International career
- Years: Team / Apps / (Points)
- 2019: England U18 / 6 / (0)
- 2021: England U20 / 3 / (5)
- 2025–: England A / 1 / (0)
- Correct as of 23 February 2025

= Phil Brantingham =

English rugby union player

Phil Brantingham (born 2 October 2001) is an English professional rugby union player who plays as a prop forward for Premiership Rugby club Saracens.

==Early life==
Brantingham began playing contact rugby at Morpeth RFC, where his dad also played as a prop forward.
He attended Royal Grammar School, Newcastle upon Tyne and in 2018 played as they won the St Joseph's Rugby Festival trophy. The following year Brantingham played the festival again and was awarded the player of the tournament award. Until the age of 17, he played both rugby union and rugby league, playing league for Cramlington Rockets and Newcastle Thunder.

==Club career==
In January 2022 Brantingham made his debut for Newcastle in the Premiership match against Gloucester during the 2021-22 Premiership Rugby season. He was shortlisted for the Rugby Players' Association young player of the month for September 2023. He captained one of the sides in the club’s preseason True North Origin fixture at the start of the 2023-24 season.

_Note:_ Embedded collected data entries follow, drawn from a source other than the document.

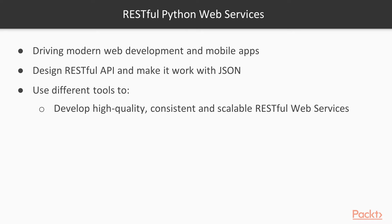So let's now talk about RESTful Python Web Services. Representational State Transfer is the architectural style that is driving modern web development and mobile apps. Sometimes you have to interact with an existing API, and in other cases you have to design a RESTful API from scratch and make it work with JavaScript object notation.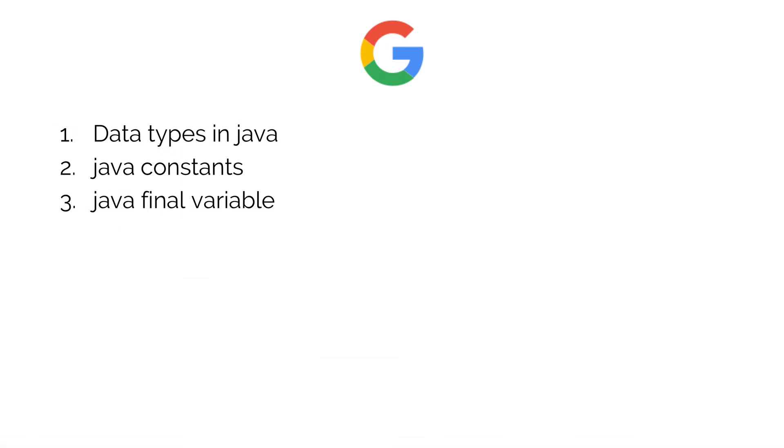So let's take a look at some of the things that you should google after watching this video. Be sure to search for data types in Java, constants, and the Java final keyword or final variable.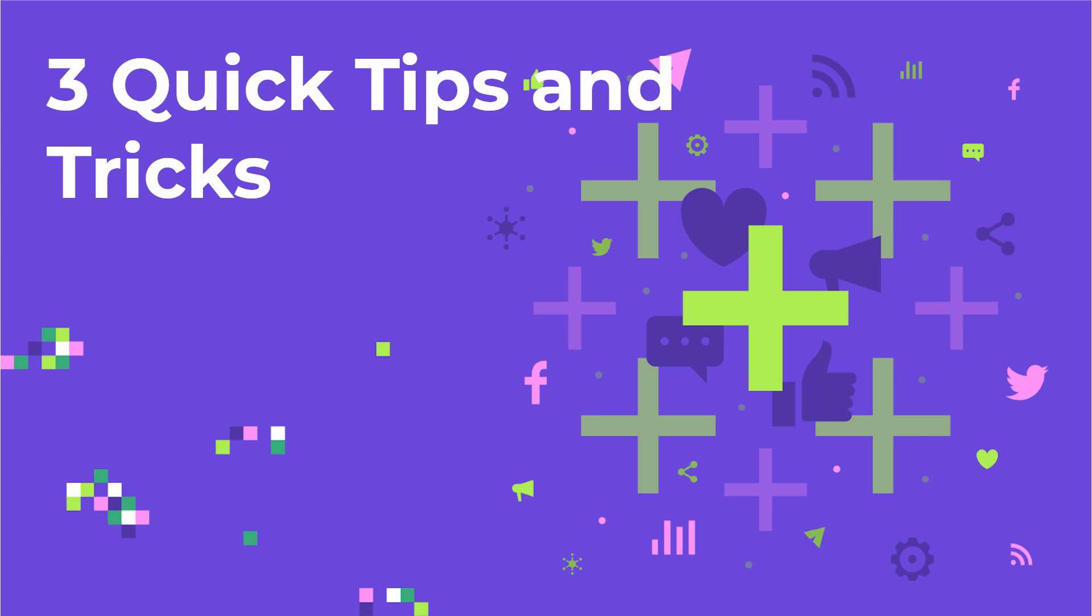We're going to be referencing some of the visualizations in the upcoming lectures. Part of why I wanted to put this lecture together was just to get you excited about what you're going to be learning later on in the course.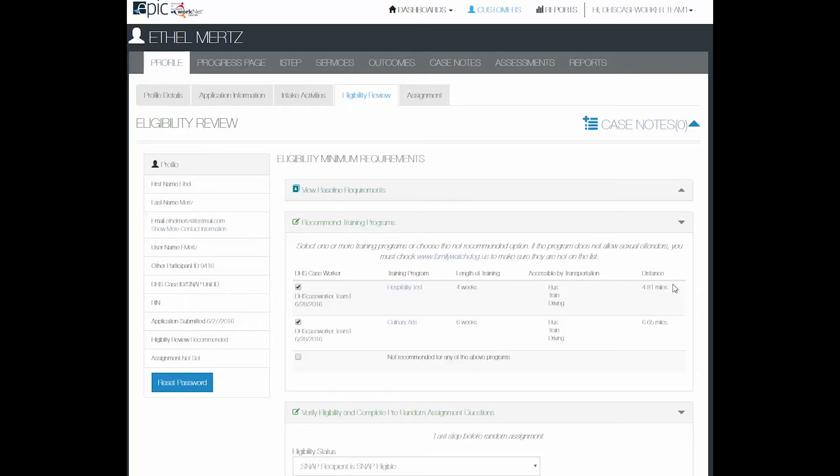This is important for you to discuss with the customer because they may or may not have transportation to get a long distance away, but they may choose to do that.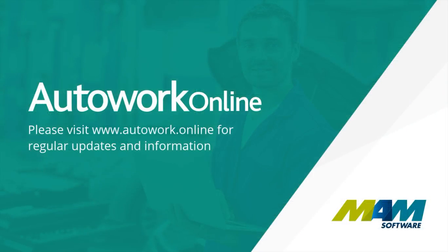Thank you for taking the time to watch this video. Please visit autowork.online for regular updates. Thank you.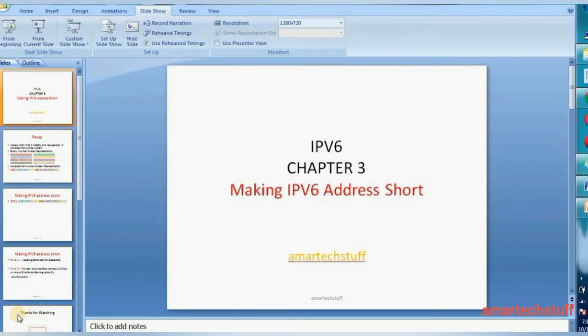Hi guys, this is Amar and welcome to Amar Tech Stuff. This is chapter number 3: making IPv6 addresses short.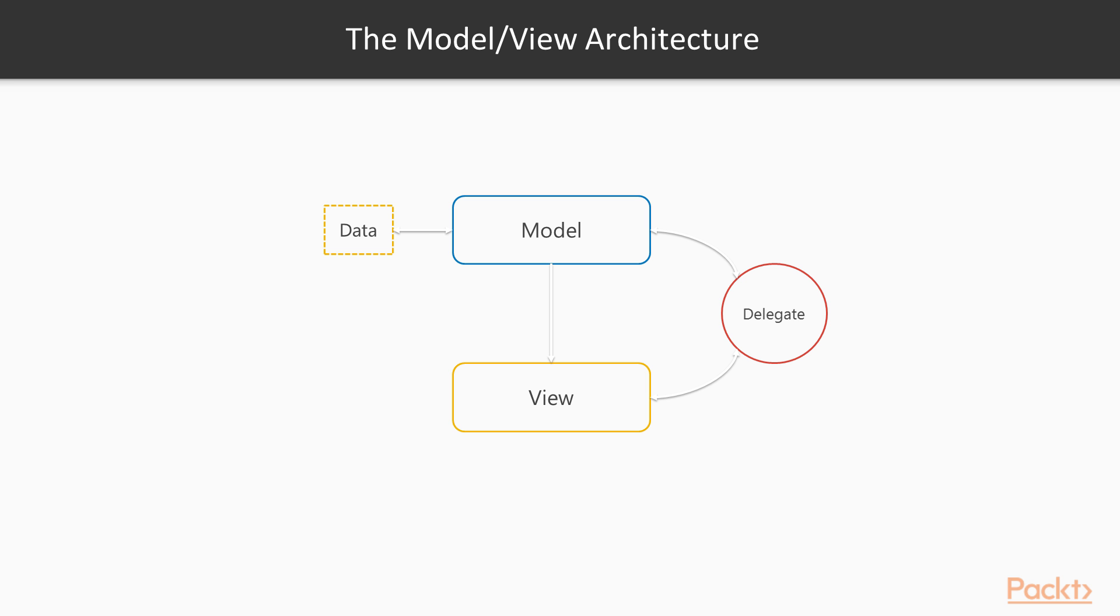In Qt, these three components are defined by abstract classes that provide common interfaces and some default implementations. Since they are abstract classes, you can create your own specialized models, views, and delegates. How do they communicate? Naturally, in a very Qt way: signals and slots.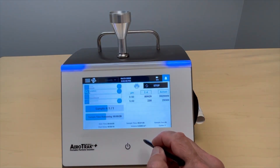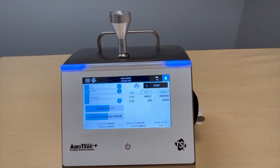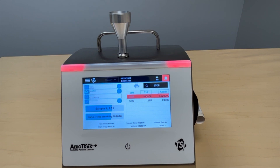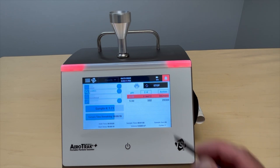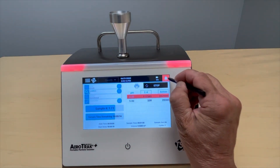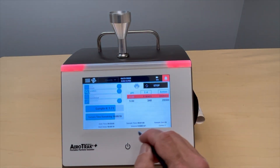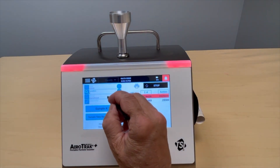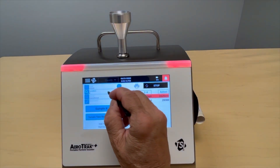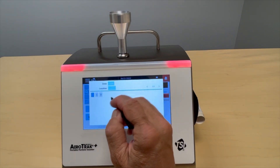We heard a lot from users who talked about how complicated it was to take samples for classification. The A100 makes it easy because the programming menus are super simple and intuitive to use, and when you are sampling, the features of the instrument make it impossible to miss an out-of-tolerance.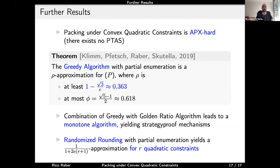For the more general case with a constant number of convex quadratic constraints — with different matrices and right-hand sides — we are still working on generalizing the golden ratio and greedy algorithms. However, we proved that randomized rounding yields a constant factor approximation for this setting with a constant number of convex quadratic constraints.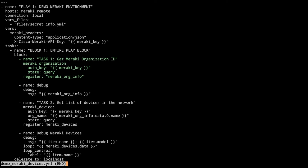Task one: we're getting our Meraki organizational ID using the Meraki organization module with just an auth key and a query, then saving that. Task two: we're getting a list of all the devices using the meraki_device module. We've got our auth key and organizational name — we take the variable from task one, go into dot data, get the zeroth item because dot data is a list, and get the name to pass as the org name. The state is query, meaning we're asking for information, not creating or deleting. We register that to meraki_devices and print all those devices.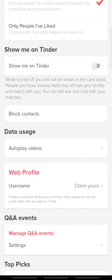This function will hide your profile from other people's viewing cards. If a person has already seen your card or matched with you, they will still be able to view your profile and also chat with you. But new people will not be able to view your profile and you will not be able to swipe either.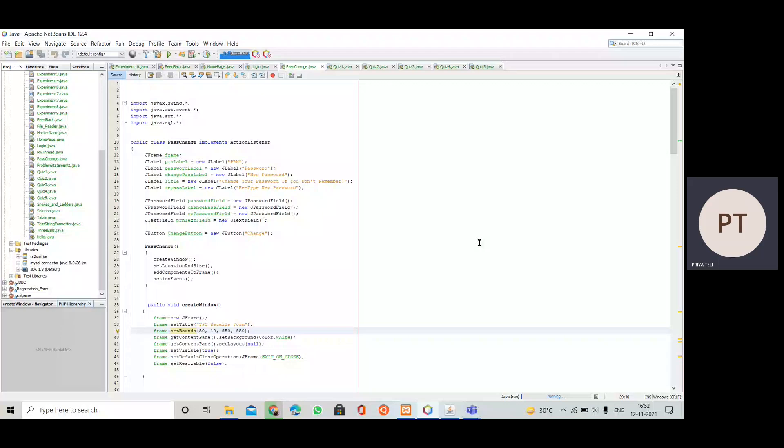Hello everyone, I'm Priya Telly. In today's video, we are going to see the Java program for password reset page of our quiz application. So let's see the program.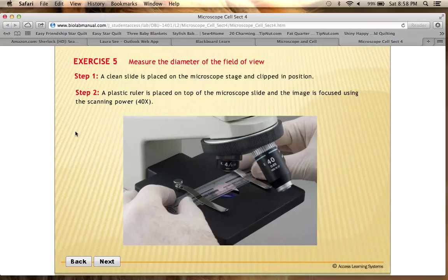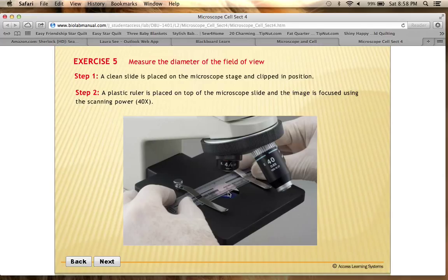Students are having trouble with measurement in the microscopic field, so let's go through this. Here we are looking at a microscope. There is a slide down here with a ruler on top of it, and we're looking at the millimeter marks on the ruler. We're going to focus on that using the scanning power objective, which is the 4x objective.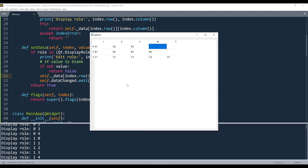And that's the basic concept of how to use a data model in your Qt application. This is what I'm going to cover in this video. Hopefully you guys found this video useful, and as always, thank you guys for watching.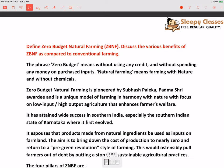Hi everyone, welcome to Sleepy Classes. Swagat hai aap sabka. Aaj hum jo question discuss karenge, so this is related to GS3 paper. The question is: define zero budget natural farming. Discuss the various benefits of zero budget natural farming as compared to the conventional farming.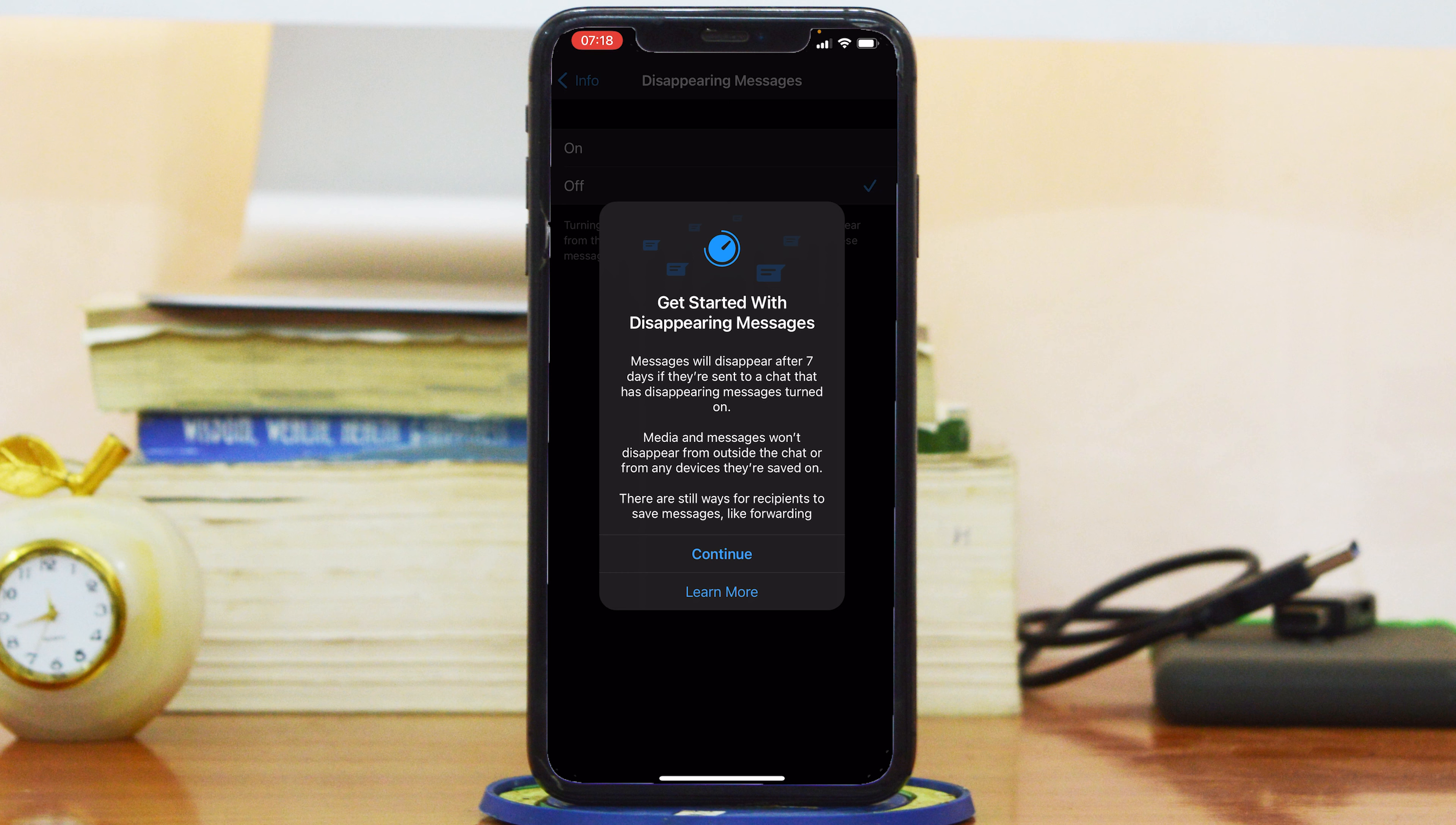You can go back now, and any messages sent on this chat will disappear automatically after seven days. If you want to disable that, simply go back to disappearing messages and turn it off. That's how to enable and disable disappearing messages on WhatsApp.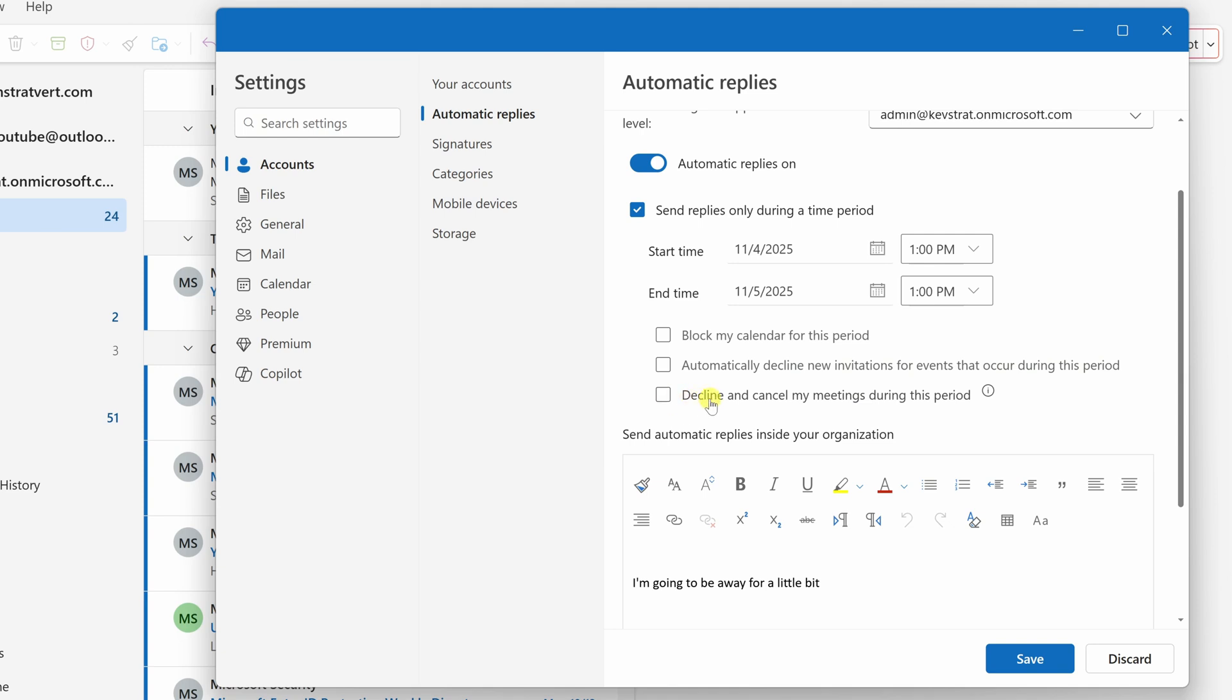Lastly, you could also decline and cancel my meetings during this period. That way, if you have any existing meetings you've accepted or maybe you've arranged, it'll cancel those and also decline any other meetings.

In March 2024 it was announced that Brantingham had signed for Saracens.

==International career==
In 2019 Brantingham represented England under-18. He was a member of the England under-20 squad that completed a grand slam during the 2021 Six Nations Under 20s Championship and scored a try against Ireland at Cardiff Arms Park.

In February 2025 Brantingham started for England A in a victory over Ireland Wolfhounds.

==Personal life==
Brantingham studied for a degree in economics and management.